### WHAT THE TASK REQUIRES
Each record below should be returned exactly, with its pictures left out.
** DATA UNDER STUDY follows **
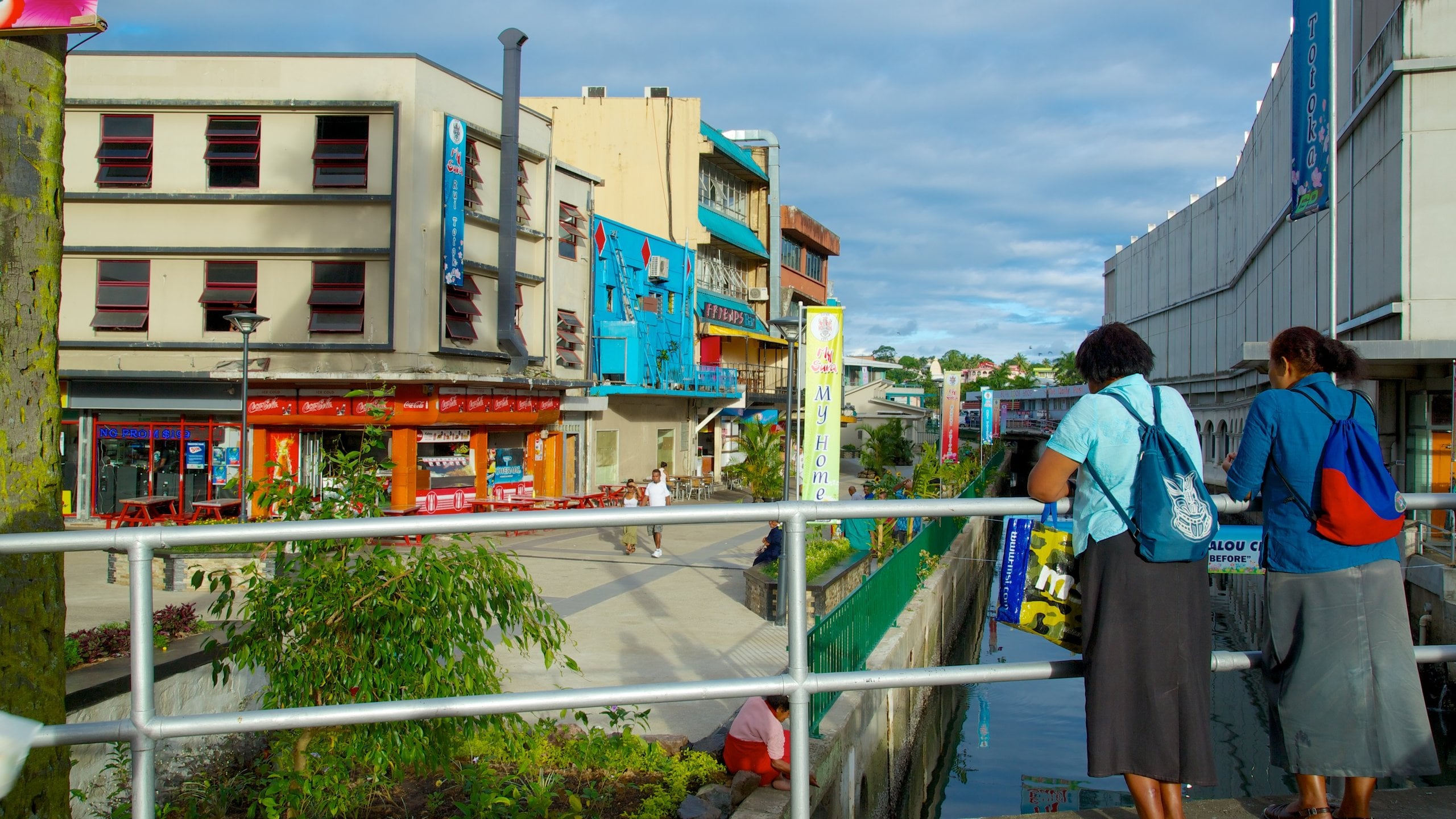 Suva featuring street scenes as well as a small group of people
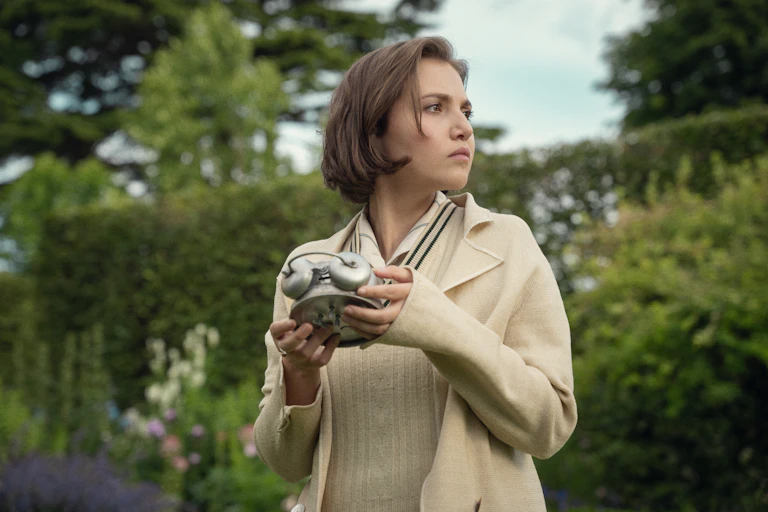 Mia McKenna Bruce holding a clock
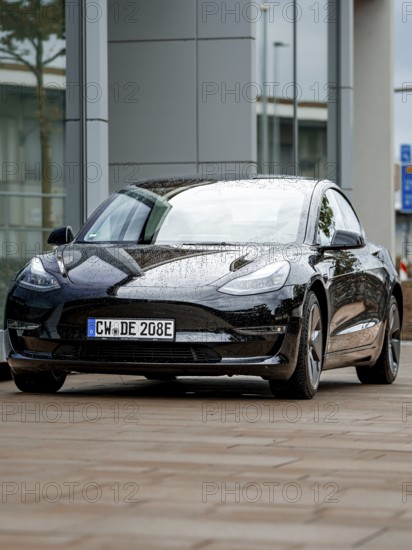 Black car with rain droplets on paint in front of glass buildings, Deer E-Carsharing, Tesla Model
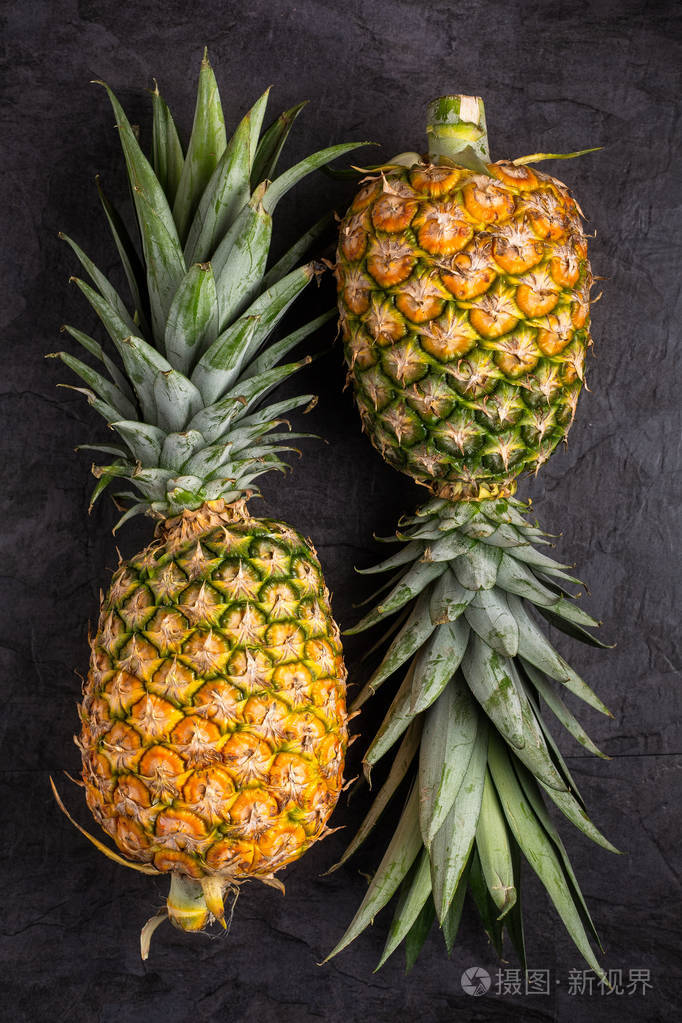 两个新鲜的成熟菠萝，深色背景，垂直构图，俯视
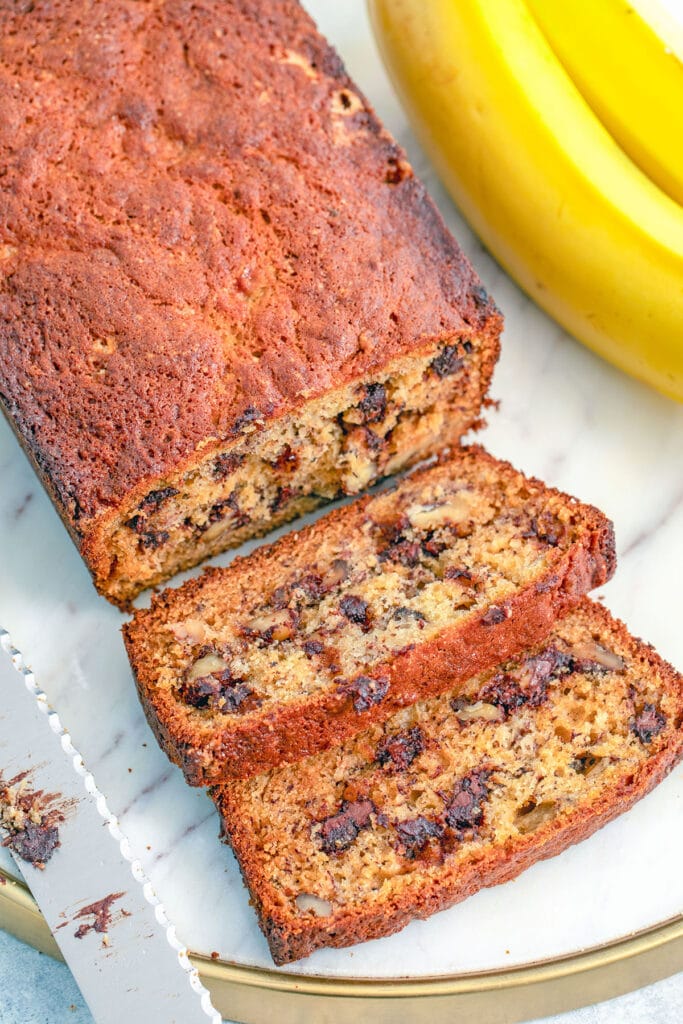Overhead closeup view of a loaf of chocolate chip banana bread with a couple slices cut a knife and bananas in the background.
** End of DATA UNDER STUDY **
### ANSWER SECTION
 Suva featuring street scenes as well as a small group of people
 Mia McKenna Bruce holding a clock
 Black car with rain droplets on paint in front of glass buildings, Deer E-Carsharing, Tesla Model
 两个新鲜的成熟菠萝，深色背景，垂直构图，俯视
Overhead closeup view of a loaf of chocolate chip banana bread with a couple slices cut a knife and bananas in the background.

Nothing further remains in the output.